The Kepler Mission, a NASA Discovery satellite, is designed to survey our region of the Milky Way galaxy to discover Earth-size and smaller planets in or near the habitable zone for life. CfA was responsible for preparing the Kepler Input Catalog, which is being used by the mission to select optimum targets. CfA will also be involved in follow-up observations of interesting candidates identified by Kepler.

4 SDO

The Solar Dynamics Observatory, SDO, is the first mission to be launched for NASA's Living With a Star (LWS) Program, a program designed to understand the causes of solar variability and its impacts on Earth. SAO is a major partner in the mission, having built the four UV/EUV telescopes of the Atmospheric Imaging Assembly (AIA) and delivered them to the PI institution, Lockheed Martin.

6 Spitzer Space Telescope

The last of NASA's Great Observatories, the Space Infrared Telescope Facility (SIRTF), was launched August 25, 2003, and later renamed the Spitzer Space Telescope, in honor of the late Dr.
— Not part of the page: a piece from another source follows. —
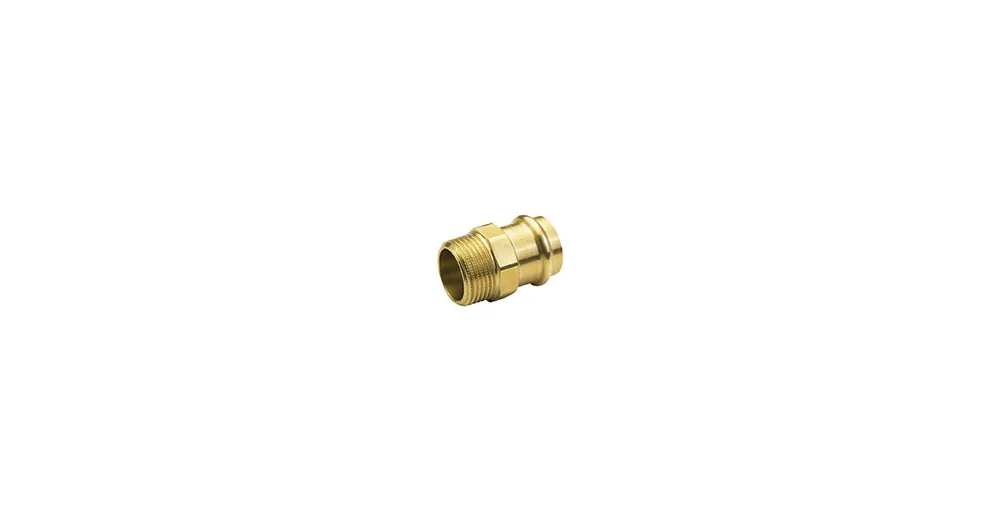 Přechodový nátrubek, PG 4243 G, DN 15 x 1/2" Top Prodej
Lyman Spitzer, Jr. One of three instruments onboard is the Infrared Array Camera (IRAC), a joint project of SAO, Ames Research Center, Goddard Space Flight Center, the University of Arizona, and the University of Rochester.

6.5 TEMPO logo

TEMPO will be the first space-based instrument to monitor major air pollutants across the North American continent hourly during daytime. The instrument, to be completed in 2017, will share a ride on a commercial satellite to a geostationary orbit about 36,000 kilometers above the Earth's equator.

Whipple
(Under Development)

The Whipple mission, proposed for NASA's Discovery Program, expands the explored volume of the solar system by orders of magnitude and opens up the study of the presently invisible Oort Cloud to beyond 1000 AU. Whipple data enable investigations of planetesimal growth (the first stage of planet formation), the history of migration of the giant planets, and the interaction of the early solar system with the cluster of stars into which it was born. Operating for its 5-year mission from an Earth-Sun L2 halo orbit, Whipple monitors numerous background stars to detect the diffraction patterns created when small outer solar system bodies, far too distant for direct imaging, pass in front of the stars. SAO is the Principal Investigator institution, supports the science team and the user community, develops the Detector Assembly, and provides the Science Operations Center.